We follow ASC 740-10-30, which requires recognition of deferred tax assets and liabilities for the expected future tax consequences of events that have been included in the financial statements or tax returns. Under this method, deferred tax assets and liabilities are based on the differences between the financial statement and tax bases of assets and liabilities using enacted tax rates in effect for the fiscal year in which the differences are expected to reverse. Deferred tax assets are reduced by a valuation allowance to the extent management concludes it is more likely than not that the assets will not be realized. Deferred tax assets and liabilities are measured using enacted tax rates expected to apply to taxable income in the fiscal years in which those temporary differences are expected to be recovered or settled. The effect on deferred tax assets and liabilities of a change in tax rates is recognized in the Statements of Income and Comprehensive Income in the period that includes the enactment date.

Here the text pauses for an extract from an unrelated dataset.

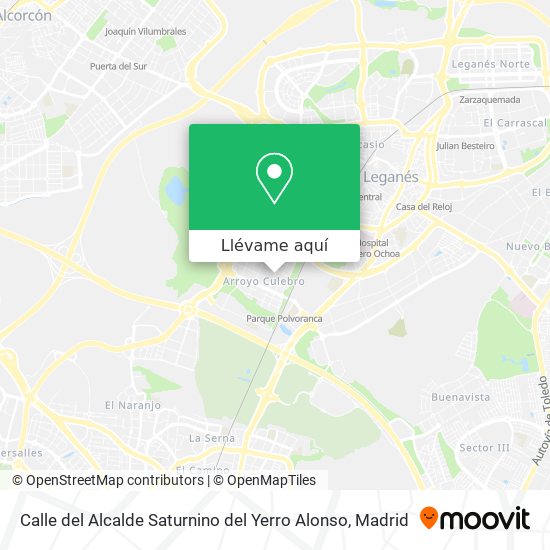 Mapa Calle del Alcalde Saturnino del Yerro Alonso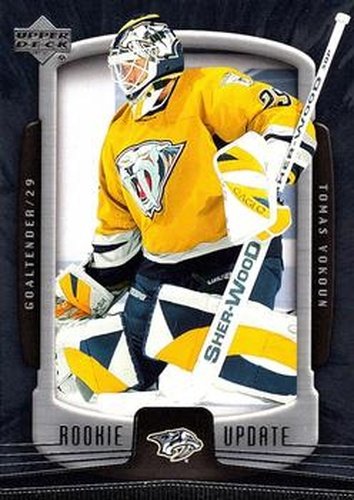 #55 Tomas Vokoun - Nashville Predators - 2005-06 Upper Deck Rookie Update Hockey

We adopted ASC 740-10-25 (“ASC 740-10-25”) with regard to uncertainty income taxes. ASC 740-10-25 addresses the determination of whether tax benefits claimed or expected to be claimed on a tax return should be recorded in the financial statements. Under ASC 740-10-25, we may recognize the tax benefit from an uncertain tax position only if it is more likely than not that the tax position will be sustained on examination by the taxing authorities, based on the technical merits of the position. The tax benefits recognized in the financial statements from such a position should be measured based on the largest benefit that has a greater than 50% likelihood of being realized upon ultimate settlement. ASC 740-10-25 also provides guidance on derecognition, classification, interest and penalties on income taxes, and accounting in interim periods and requires increased disclosures. We had no material adjustments to our liabilities for unrecognized income tax benefits according to the provisions of ASC 740-10-25.

NOTE 3 – GOING CONCERN

As reflected in the accompanying financial statements, we have an accumulated deficit of $1,758,830 at December 31, 2014, had a net loss of $1,726,337, and used net cash of $677,385 in operating activities for year ended December 31, 2014. This raises substantial doubt about our ability to continue as a going concern.

While we are attempting to increase operations and revenues, our cash position may not be significant enough to support our daily operations. Management intends to raise additional funds by way of debt and equity financing. Management believes that the actions presently being taken to further implement our business plan and generate increased revenues provide the opportunity for us to continue as a going concern. While we believe in the viability of our strategy to generate increased revenues and in our ability to raise additional funds, there can be no assurances to that effect. Our ability to continue as a going concern is dependent upon our ability to further implement our business plan and generate increased revenues.

The consolidated financial statements do not include any adjustments that might be necessary if we are unable to continue as a going concern.

NOTE 4 – PROPERTY AND EQUIPMENT

Furniture, fixtures, and equipment, stated at cost, less accumulated depreciation at December 31, consisted of the following:

December 31, 2014 December 31, 2013 Furniture, fixtures, and equipment $ 8,403 $ -

Less: accumulated depreciation (416) -

Fixed assets, net $ 7,987 $ -

Depreciation expense

Depreciation expense for the years ended December 31, 2014 and 2013, was $416 and $0, respectively. NOTE 5 – SOFTWARE LICENSE

Effective February 12, 2015, we entered into an exclusive licensing agreement with Loyl.Me, an established provider of automated marketing and customer relationship management software. The licensing agreement allows us the opportunity for perpetual and exclusive rights and ability to provide the cannabis community a convenient, cost- effective, and streamlined technology that is widely used in the non-cannabis industry. The technology is being branded as “CannaCash BumpUp.” The agreement requires six installment payments of $25,000 each. The first $25,000 was paid in October 2014 in conjunction with the signing of a letter of intent.